The industry has evolved multiple approaches to tackling this problem. They range from heavily manual processes through to fully autonomous, AI-native systems. Understanding the differences isn't just an academic exercise — choosing the right approach for your context directly determines whether your performance testing programme is viable, efficient, or simply too expensive to maintain.
This article walks through five distinct levels of correlation capability — a framework for understanding where your current JMeter, Locust, or other performance testing AI tooling sits, and what the next level of performance engineering looks like. Not every team needs the most advanced approach, and not every tool at the lower levels is without merit. The goal is to help you — whether you're an engineer choosing tooling, or a manager evaluating investment — understand what each level offers, where it breaks down, and what it costs in practice.

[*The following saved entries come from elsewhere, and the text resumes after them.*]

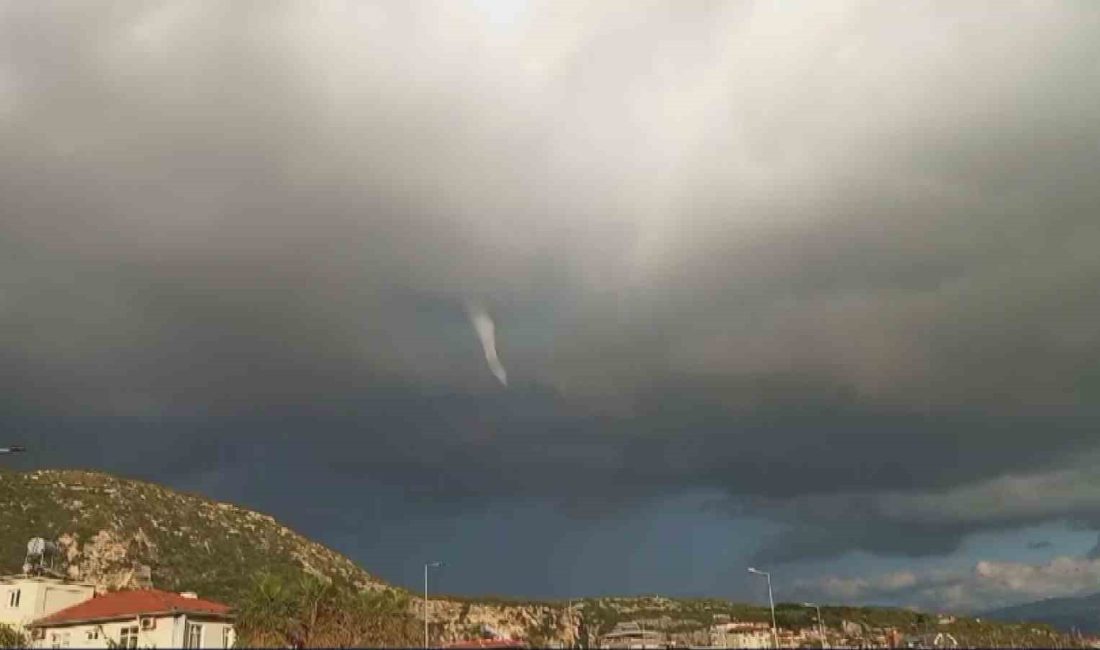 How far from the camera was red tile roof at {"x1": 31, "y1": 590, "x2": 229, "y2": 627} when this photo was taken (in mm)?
70750

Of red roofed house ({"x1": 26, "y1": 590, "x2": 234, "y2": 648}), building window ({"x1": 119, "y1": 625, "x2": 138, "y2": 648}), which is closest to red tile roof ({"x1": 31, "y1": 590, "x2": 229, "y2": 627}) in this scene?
red roofed house ({"x1": 26, "y1": 590, "x2": 234, "y2": 648})

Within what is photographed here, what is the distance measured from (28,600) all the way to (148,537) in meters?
52.6

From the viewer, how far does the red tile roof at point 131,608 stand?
70.8 metres

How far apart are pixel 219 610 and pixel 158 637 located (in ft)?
21.2

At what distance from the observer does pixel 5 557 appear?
11900 cm

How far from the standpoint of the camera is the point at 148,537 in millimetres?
138500

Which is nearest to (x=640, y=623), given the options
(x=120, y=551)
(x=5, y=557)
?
(x=120, y=551)

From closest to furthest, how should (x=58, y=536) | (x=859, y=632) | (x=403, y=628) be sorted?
(x=403, y=628)
(x=58, y=536)
(x=859, y=632)

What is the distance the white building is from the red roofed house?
11628 millimetres

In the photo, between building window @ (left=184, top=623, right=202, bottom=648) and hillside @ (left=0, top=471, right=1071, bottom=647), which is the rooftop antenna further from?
building window @ (left=184, top=623, right=202, bottom=648)

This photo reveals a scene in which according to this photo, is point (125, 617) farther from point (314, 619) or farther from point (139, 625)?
point (314, 619)

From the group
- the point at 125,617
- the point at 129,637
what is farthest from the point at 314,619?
the point at 125,617

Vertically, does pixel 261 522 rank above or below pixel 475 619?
above

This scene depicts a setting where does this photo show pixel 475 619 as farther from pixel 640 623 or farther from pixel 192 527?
pixel 192 527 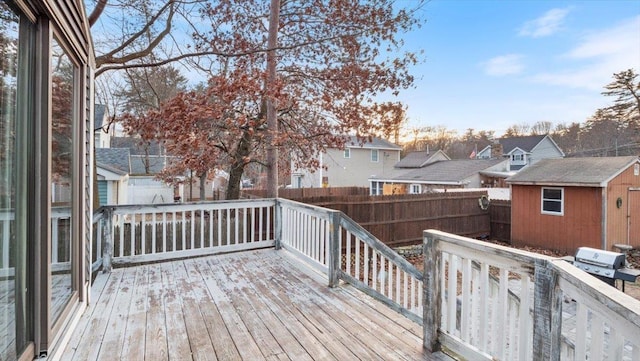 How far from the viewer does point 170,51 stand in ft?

1Level 1: AI-Assisted Manual Correlation
What it looks like:
An engineer records a user journey, replays it, observes the failures, and manually identifies which values need correlating. The tooling provides some intelligence in the background — auto-complete suggestions, highlighting of likely dynamic values, perhaps basic pattern recognition — but the human drives every decision.
How it works in practice:
The engineer opens the recorded script, often containing hundreds of HTTP requests. They look at a failing request, compare the recorded response to the replayed response, spot a value that has changed, then manually search backward through prior responses to find where that value first appeared. They write an extraction rule (typically a regular expression or boundary-based extractor), insert it after the originating response, and replace the hardcoded value in the failing request with a variable reference.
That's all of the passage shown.